Etwas schwieriger hingegen sind die vielen Perspektivwechsel: Kapitelweise wechselt die Erzählperspektive zwischen einigen Mitgliedern der Crows sowie dem Kioskbetreiber Nathan. Neben Oke und Zachy sind es vor allem Ida, Adil, Pat, Oskar und Mo, aus deren Blickwinkel die Geschichte weitererzählt wird. Die vielen kleinen Einblicke bleiben eher an der Oberfläche und lassen immer wieder Fragen offen. Junge Leser*innen gewichten diesen Aspekt jedoch vermutlich nicht so stark. Gelingt das Nachvollziehen der Perspektivwechsel, können die vielen verschiedenen Charaktere für Heranwachsende auch interessante Betrachtungen ermöglichen.


Die anderen Mitglieder Sam, Luke, Tom und Minh werden nur am Rande am Anfang der Geschichte erwähnt. Wieso diese Charaktere eingeführt werden, erschließt sich im Laufe der Geschichte nicht. Insgesamt wirkt die Gruppierung der Jugendlichen eher lose, der versprochene Zusammenhalt oberflächlich und es scheint, als würden sich die Mitglieder der Crows in Wirklichkeit kaum kennen. Dies zeigt sich auch durch die Geheimnisse der Einzelnen, die Sticheleien untereinander und das Konkurrenzdenken bezüglich der Einnahmen. 


Sprache und Stil des Romans sind auch für leseschwache Jugendliche geeignet. Lediglich die Jugendsprache in den direkten Reden wirkt zum Teil etwas konstruiert.

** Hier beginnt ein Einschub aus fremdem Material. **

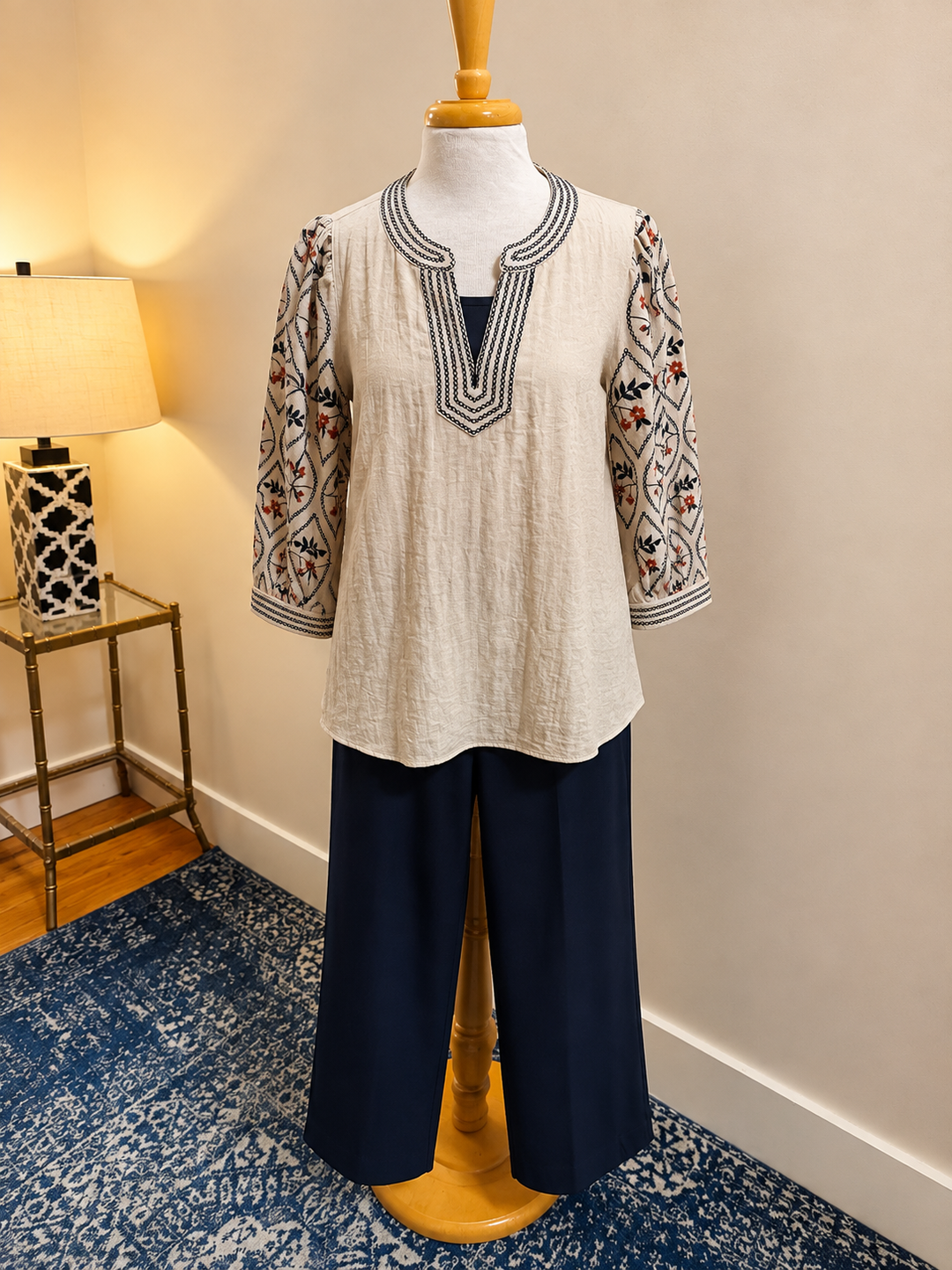Elastic No Waist Front Patch Pocket - Wide Leg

Dennoch entsteht ein guter Lesefluss, der durch den überzeugenden Spannungsbogen und die kurzen Kapitel getragen wird.


Insgesamt ist Pakt der Krähen ein spannender Coming-of-Age-Roman, der viele interessante Themen und Perspektiven für junge Leser*innen bereithält.

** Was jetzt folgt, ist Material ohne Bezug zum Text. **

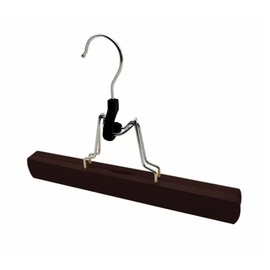 Richards Wooden Pants Hangers - Wood Skirt Hangers - 6 Pack - for Men Shorts and Pants and Women Dress Clothes - Non Slip Slim Closet Space Saving- Walnut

Paket der Krähen eignet sich mit dem geringen Umfang und den vielen Identifikationsfiguren auch als Klassenlektüre. Die Geschichte bietet viele moralische Fragen, die im Klassenverband besprochen werden können. Gesellschaftskritische Aspekte wie die geplante Sanierung und Aufwertung des Kobergs durch Investoren, die ein Umzug der Bewohner*innen mit sich bringen soll, könnten diskutiert werden. Das offene Ende lässt zudem Schüler*innen die Möglichkeit, Vermutungen anzustellen, wie es mit den Crows weitergehen könnte und empfiehlt sich somit für verschiedene kreative und handlungsorientierte Formate. Auch die Thematik der Gruppenbildung und -dynamik kann mit den Heranwachsenden behandelt werden, schließlich ist dies ein wichtiges Thema aus dem Alltag der Jugendlichen und an Schulen durch Cliquen etc. ein relevanter Aspekt.